As American policymakers look for creative ideas to advance democracy, economic prosperity, and ways to build lasting connections between rich and poor nations, one approach deserves greater attention than it has gotten: programs that combine feeding and educating children around the globe.
Higher education levels lead not only to improved incomes, but also lower birth rates and a literate electorate. So here’s a proposal that would guarantee improved outcomes for all nations and at relatively low cost: within the decade, let’s provide a decent meal a day and an education for every child in the world. While there have been periodic bipartisan steps in this direction, the hunger and food gap grows year by year.
The scope of the problem is huge. Today, an estimated 300 million children in developing nations are chronically hungry. More than one-third of these children, roughly 120 million, do not attend school. Sixty percent are young girls, because in too many countries fathers see no reason to send their daughters to school. The futures of young, uneducated women, some of whom marry as early as age 11, are sadly predictable. A terrible cycle of poor health, powerlessness, and poverty plagues one generation after the next. Even in America, approximately 13 million children—nearly one in five—live in households that are hungry or at risk of going hungry.
One program aimed at attacking these problems deserves more support. The Global Food for Education Initiative (GFEI) encourages parents to send hungry children who currently don’t get an education to school by providing a free meal there. A pilot project under GFEI, created by President Clinton, provided this incentive to poor parents, assuring some nine million children in the developing world that they could get at least one meal a day.
Amid the ongoing turmoil and tragedy in the Middle East, the plague of AIDS in Africa, and the most recent news that global hunger has risen to affect 840 million people, there should be a new urgency to discussions about America’s role in the developing world. Unfortunately, that is not happening.
Recently, the U.S. government decided to cut foreign funding for GFEI. The $300 million per year international program designed to attract and keep children in school was reduced to a mere $50 million in the 2004 appropriations. Although there are there are some prospects that funding levels might be brought back up a bit next year, the goal should be a more robust effort in this area. Cutting funds that bring children into the classroom to learn about the three R’s and democracy and tolerance undercuts America’s desire to bring good governance and freedom to many parts of the world. And, when people have hope that their lives and the lives of their children will improve, they simply have a larger stake in political and economic stability.
Everyone knows that better education is key to building stronger democracy, more prosperous societies, and a more stable world.

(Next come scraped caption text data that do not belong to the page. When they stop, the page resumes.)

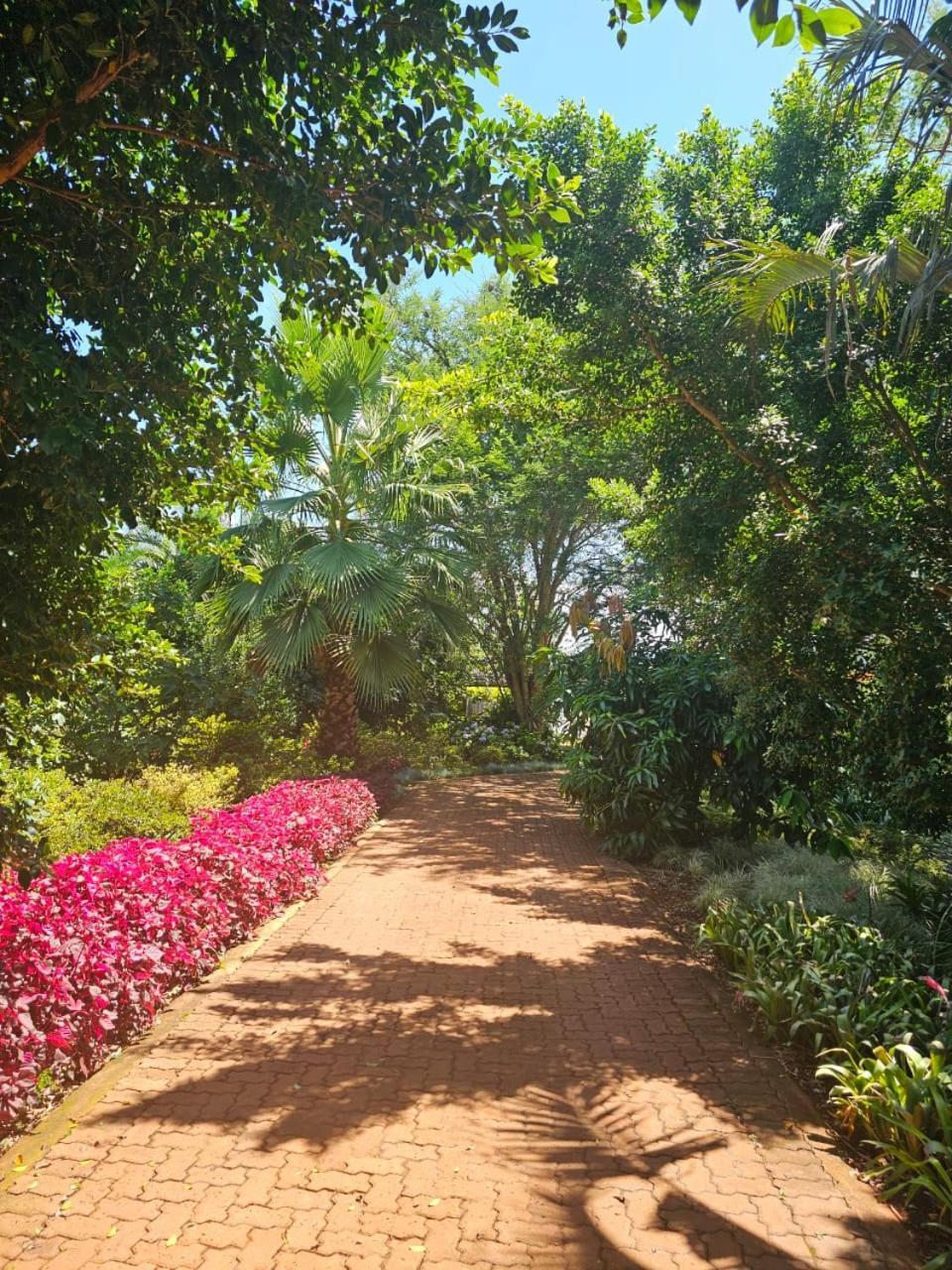 Tzaneen White House Lodge Bagian luar foto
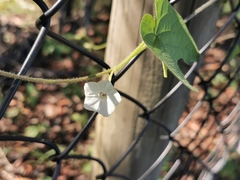 Ipomoea plebeia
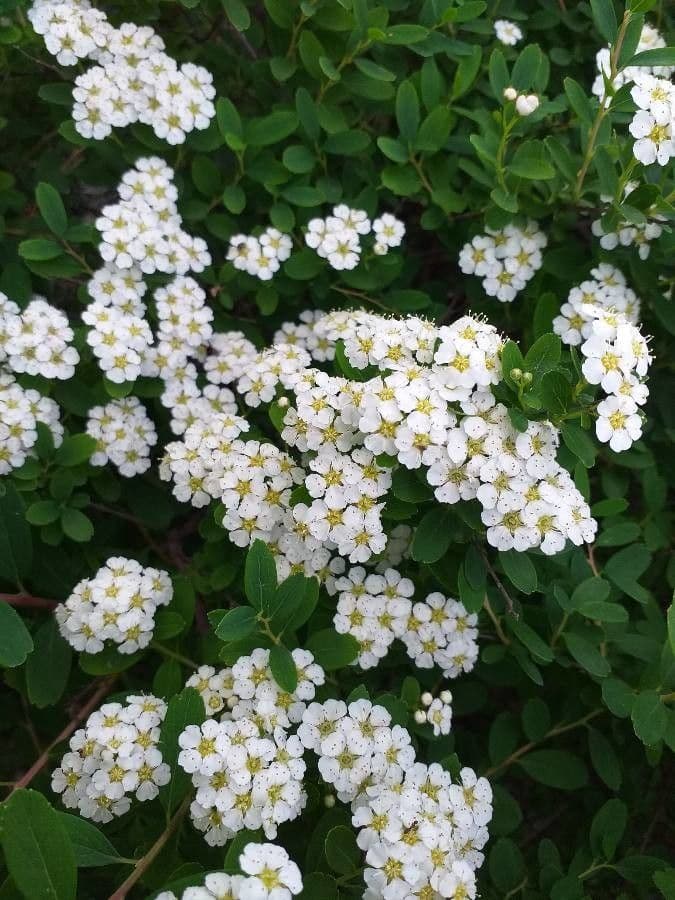 Spirea giapponese 10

Studies show girls who go to school marry later and have fewer children. More educated and mature mothers are better equipped to care for their kids, have higher incomes, and raise healthier families. The link between education and economic success is clear. In countries with an adult literacy rate of about 40 percent, GNP per capita averaged $210; in those countries with at least 80 percent literacy rates, GNP per capita is $1,000 and above.

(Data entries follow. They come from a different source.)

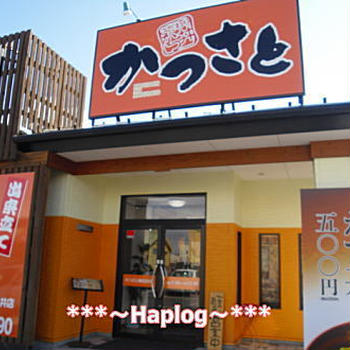 かつ丼のかつさと 春日井店 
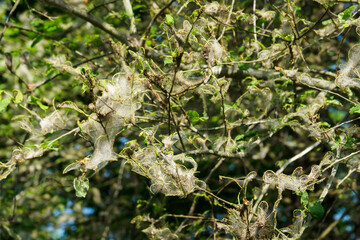 Wisps of fiber on tree branches. 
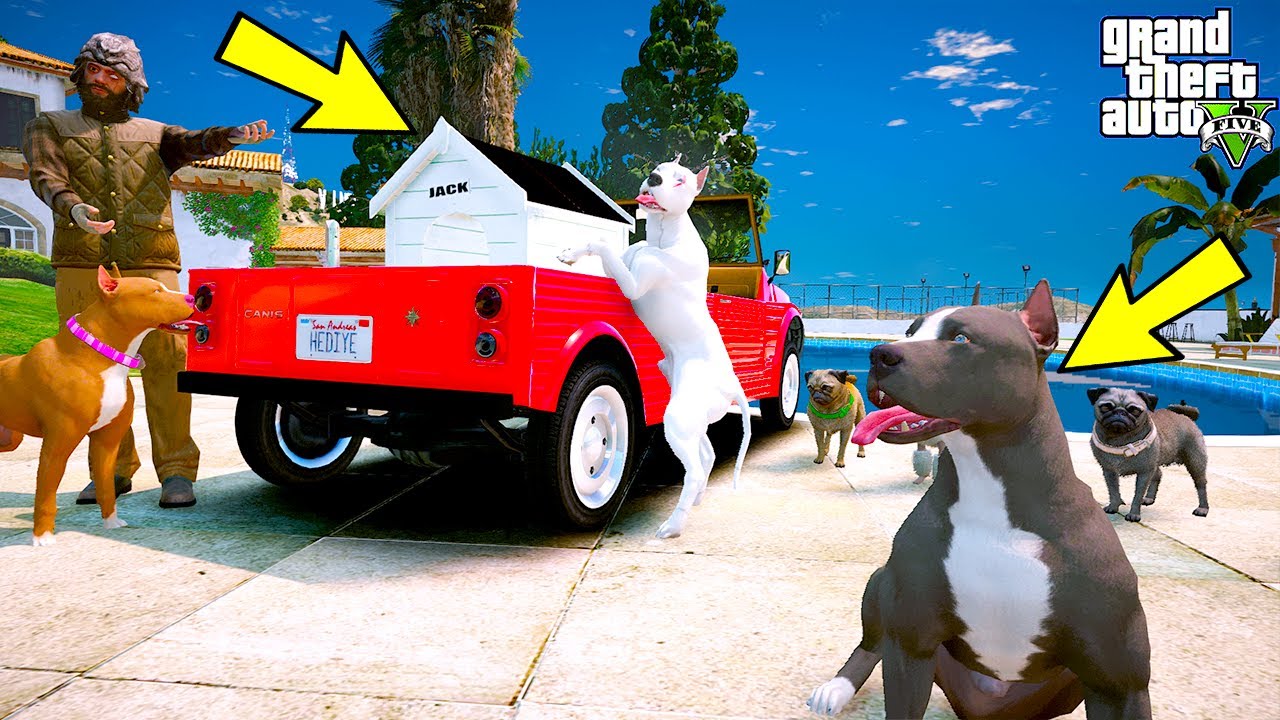 BEYAZ PİTBULL JACK VE YAVRU PİTBULL YENİ EV İÇİN KAVGA ETTİ! -- GTA 5
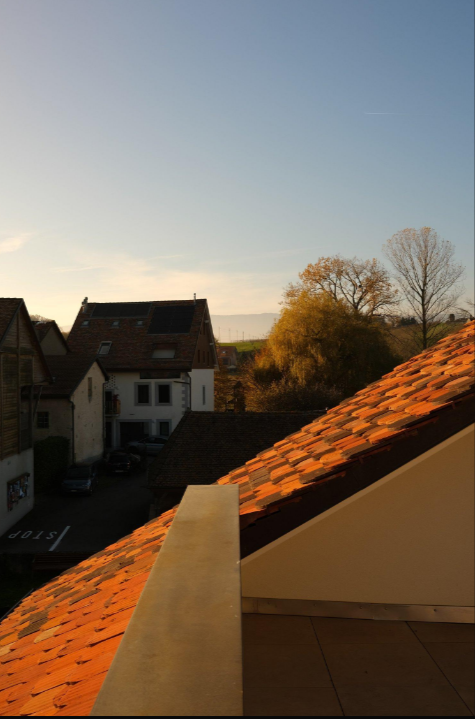 Dachblick über Wohnhäuser bei tiefstehender Sonne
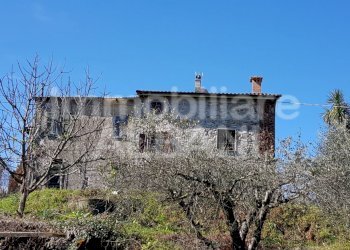 20200304_113237.jpg - Rustico Vezzano Ligure - foto 6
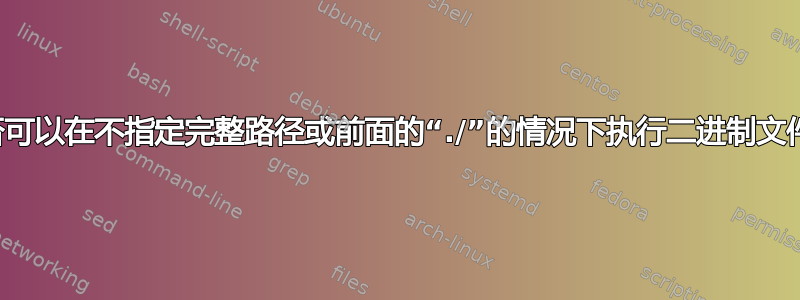 是否可以在不指定完整路径或前面的“./”的情况下执行二进制文件？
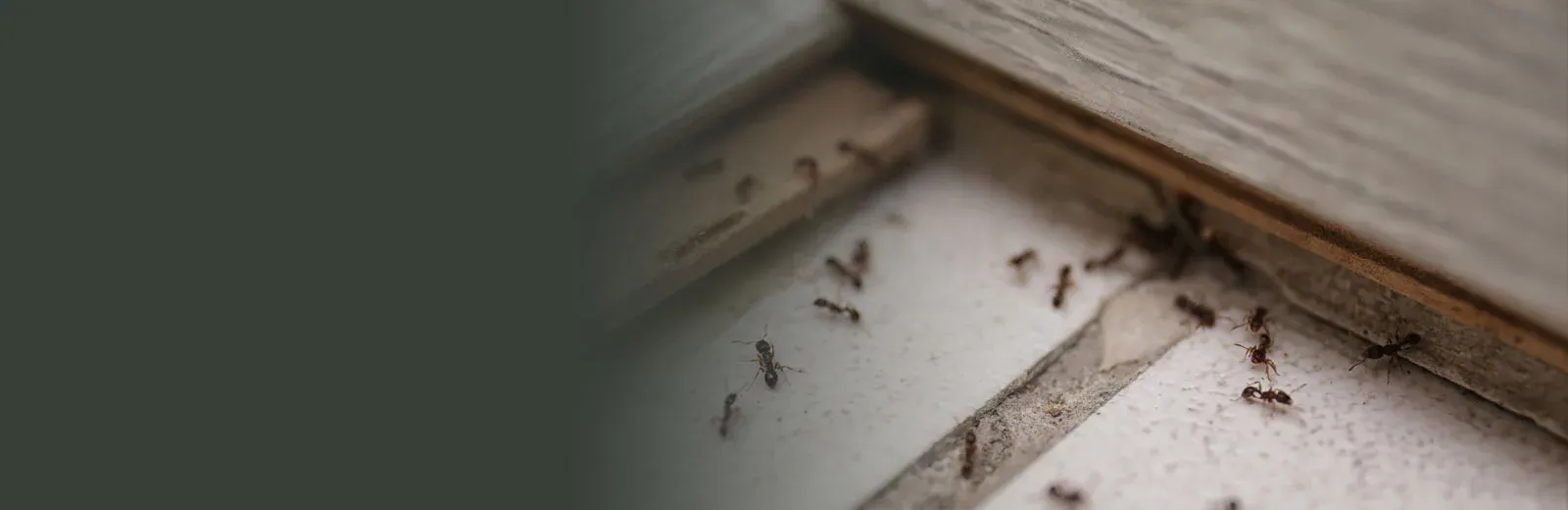 Ants crawling on floor of home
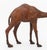 Figurative Standing Camel Leather Covered Sculpture, 20th Century For Sale - Image 3 of 8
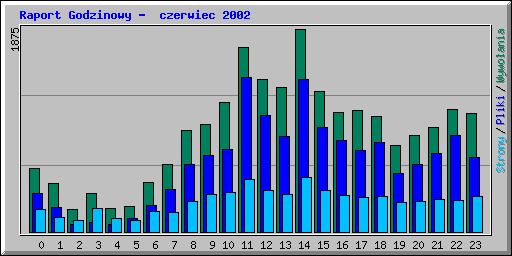 Raport Godzinowy -  czerwiec 2002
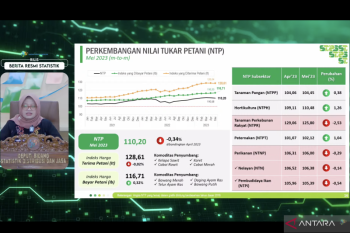 BPS: NTP Mei 2023 turun 0,34 persen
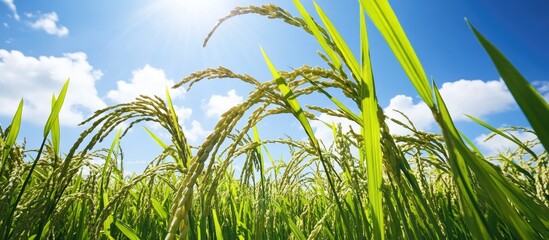 Golden rice field under clear blue sky and sunlight showcasing vibrant green stalks swaying gently in the breeze.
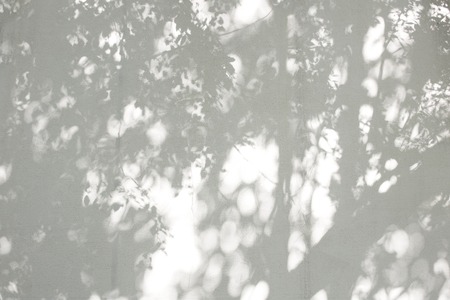 the shadow of the leaves on a white wallの写真素材
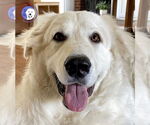 Small #8 Great Pyrenees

Creating the global school lunch program had bipartisan backing—Senators Robert Dole and George McGovern established it in 2000. The Dole-McGovern GFEI program requires that students and families must actively participate in educational advancement in order for the child to receive food benefits. In addition, the nations in which the school-feeding program operates must commit to universal education: both boys and girls must be able to go school. The recipient country must also commit to the educational goals, agreeing to take over the U.S.-funded school-feeding program after a few years so the benefits will continue into the future.
The concept of free or reduced-cost school lunches worked in this country—again supported more than 30 years ago by Senators Dole and McGovern—and it should be expanded today to benefit world peace and development. There is no doubt it offers a good return on the investment. It costs only 19 cents per day, $34 a year, to feed a child in school. A few billion dollars would reach tens of millions of children and help avoid the billions it costs the U.S. when impoverished nations explode into violence and despair.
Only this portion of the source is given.